Located at the heart of the scenic Apennine Mountains, Umbria is the smallest, least populous and most sparsely populated region in Central Italy. The region is named after the Umbri, an ancient Italic tribe absorbed by the expansion of the Romans.
Umbria is one of the wildest Italian regions, an idyllic blend of lush rolling hills and forested mountains enjoying a similar climate to that of Tuscany, and dotted with immaculate Medieval towns. Umbria has no industry and few famous natives, apart from Francis of Assisi, the patron saint of Italy, after whom San Francisco in California was named.
The region's three top destinations are the beautifully preserved historic towns of Assisi and Orvietto and the university town of Perugia, but Umbria has many more great places to explore. The main natural attraction is the Marmore Falls, the tallest man-made waterfalls in the world, and the flower fields of the Monti Sibillini National Park.

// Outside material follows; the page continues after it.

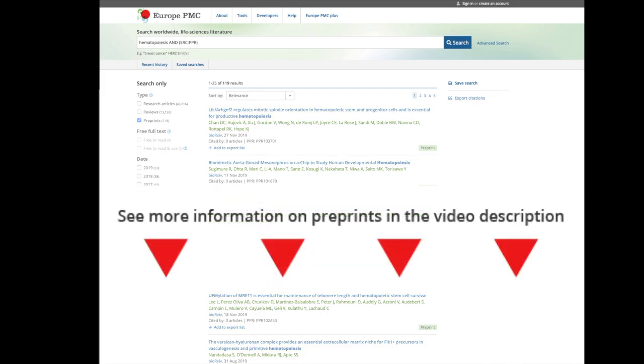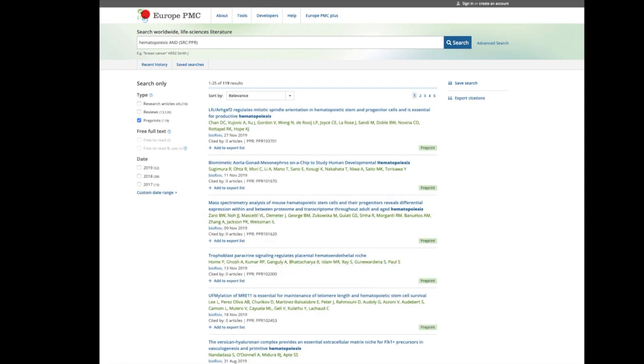See more tips on how to narrow your search in the video description. Follow the next video to learn how to find review articles.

Forget about seafood in this landlocked region. Here everything is about a good roasting with olive oil and herbs. Traditional dishes are heavy on game (wild boar, hare, pheasant, goose, pigeon) and sausages. Frogs and snails are local delicacies. Norcia is particularly renowned for its black truffles, but also for its cheeses (pecorino) and cured meat products (prociutto di Norcia, budellaccio di Norcia, mazzafegati). The Tiber and Lake Trasimeno are rich sources of freshwater fish such as trouts, perches, pikes, carps, eels, barbels, graylings, and tenches.
Typical Umbrian dishes include agnello scottadito (grilled lamb chops), fagiano in salmì (sautéed pheasant sliced and reheated in sauce), galantina (boneless chicken stuffed with beef, boiled eggs, cheese, pistachios, nutmeg and pepper), piccione alla ghiotta (roasted pigeon with the entrails cooked in a sauce), and porchetta (a fatty boneless pork roasted with herbs). Common varieties of pasta are strangozzi (shaped like shoelaces; typically eaten with truffles), pappardelle (wide tagliatelle), umbricelli (thick spaghetti), and cappelletti (a sort of tortellini).
Umbria has 14 DOC wines, 70% of which are produced in the province of Orvieto. The region is mostly renowned for its white wines, although its two DOCG, Sagrantino di Montefalco and Torgiano Rosso Riserva, are red wines, and both from the province of Perugia.